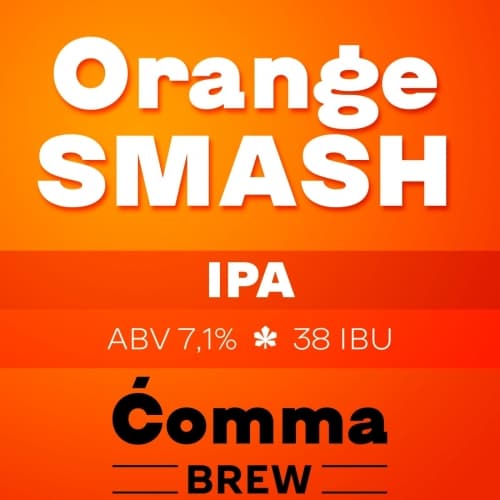 Orange SMASH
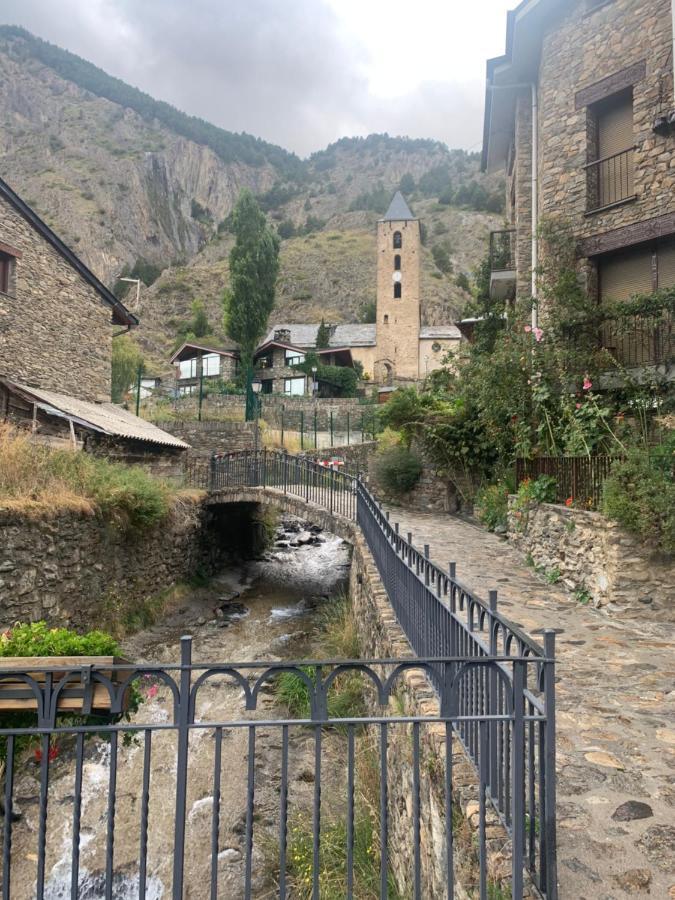 Passamane Pb - Canillo - Casco Antiguo Kültér fotó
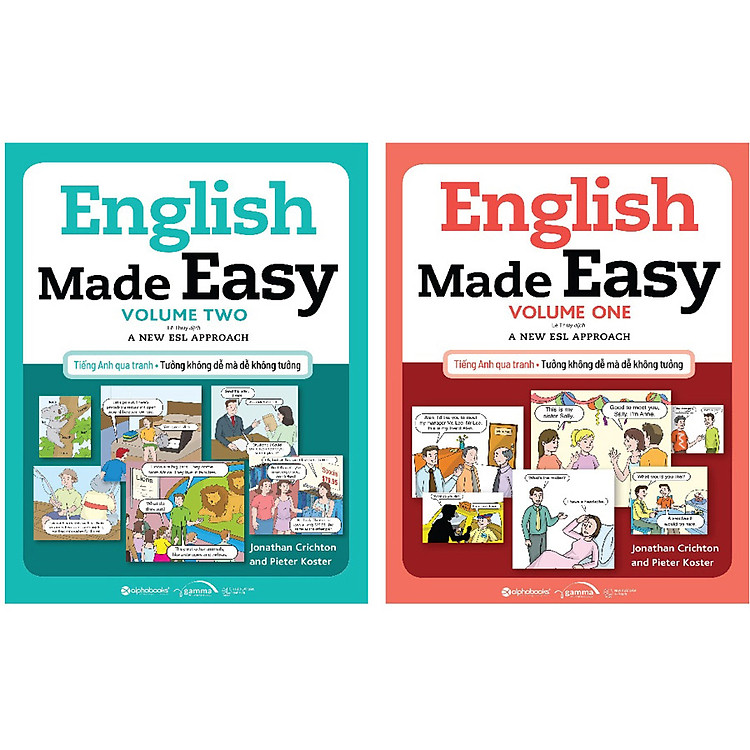 English Made Easy: Volume 1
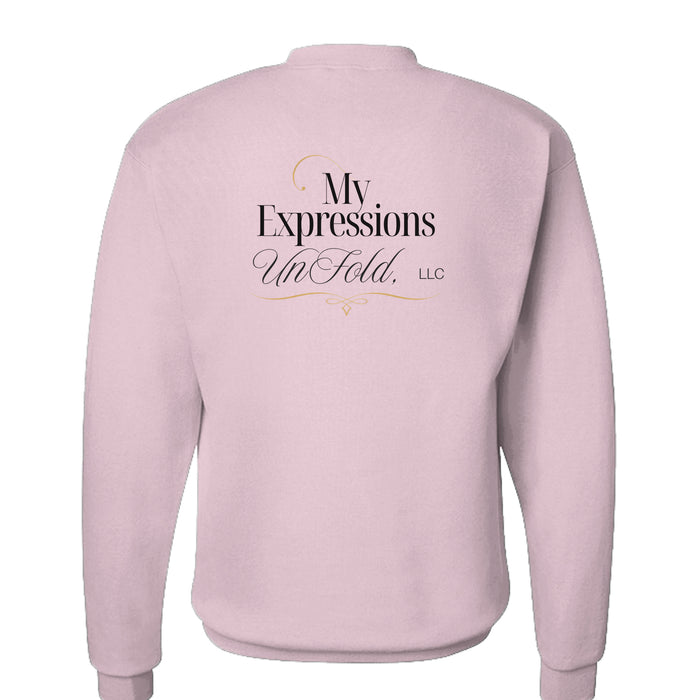PALE PINK - P1607 - BACK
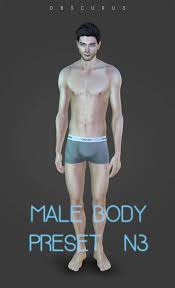 Tumblr is a place to express yourself, discover yourself, and bond over the stuff you love. Sims 4 Male Body Presets The Sims Book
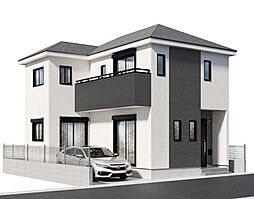 座間市ひばりが丘3丁目　新築戸建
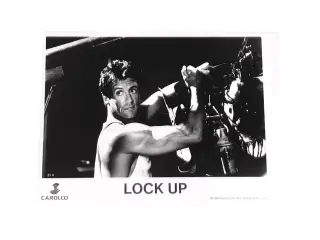 Udhængsfoto fra Lock Up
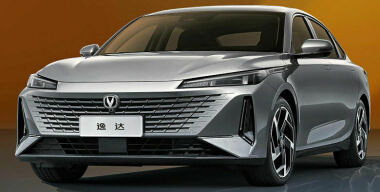 Changan привез в Россию еще две модели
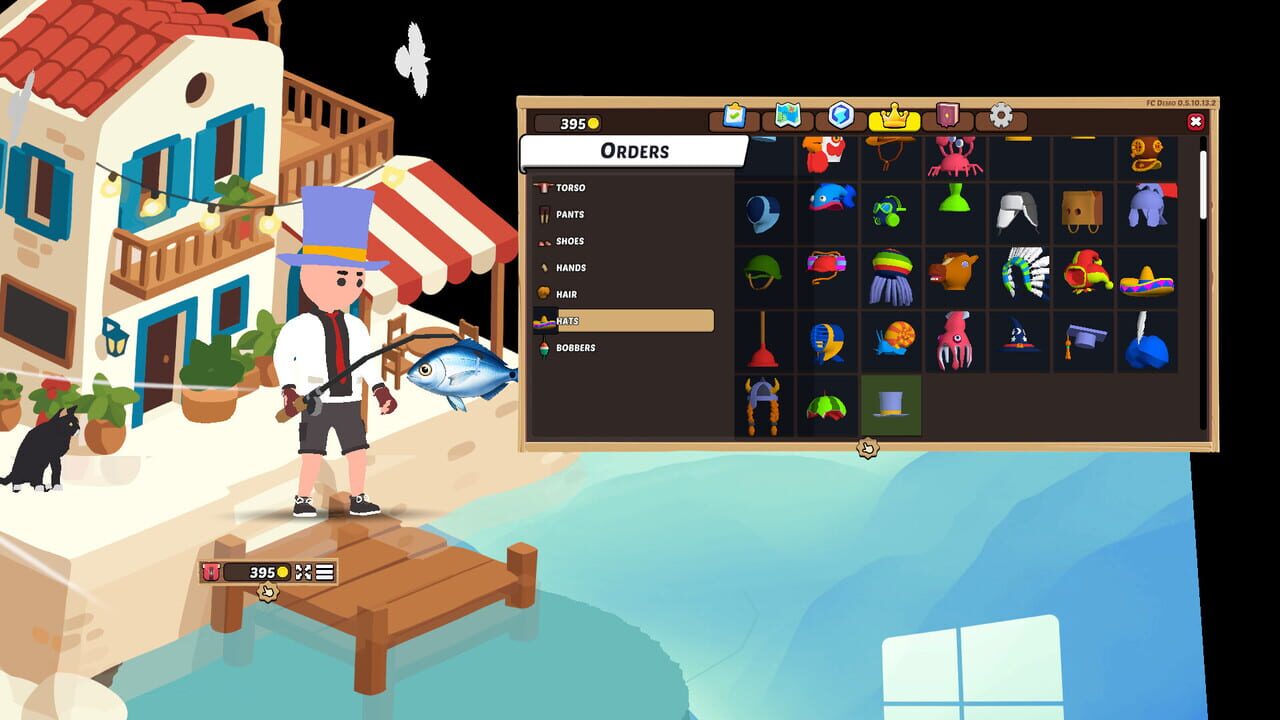Fishing Corner Image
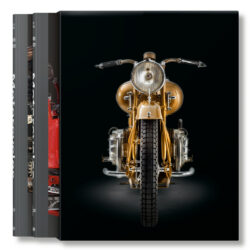 Taschen designové knihy Ultimate Collector Motorcycles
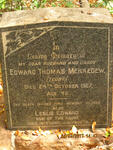 MERREDEW Edward Thomas -1927 :: MERREDEW Leslie Edward -1938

____________

#### Task instructions:
Return the listing verbatim, pictures omitted.

#### Response:
 Orange SMASH
 Passamane Pb - Canillo - Casco Antiguo Kültér fotó
 English Made Easy: Volume 1
PALE PINK - P1607 - BACK
 Tumblr is a place to express yourself, discover yourself, and bond over the stuff you love. Sims 4 Male Body Presets The Sims Book
 座間市ひばりが丘3丁目　新築戸建
 Udhængsfoto fra Lock Up
 Changan привез в Россию еще две модели
Fishing Corner Image
 Taschen designové knihy Ultimate Collector Motorcycles
 MERREDEW Edward Thomas -1927 :: MERREDEW Leslie Edward -1938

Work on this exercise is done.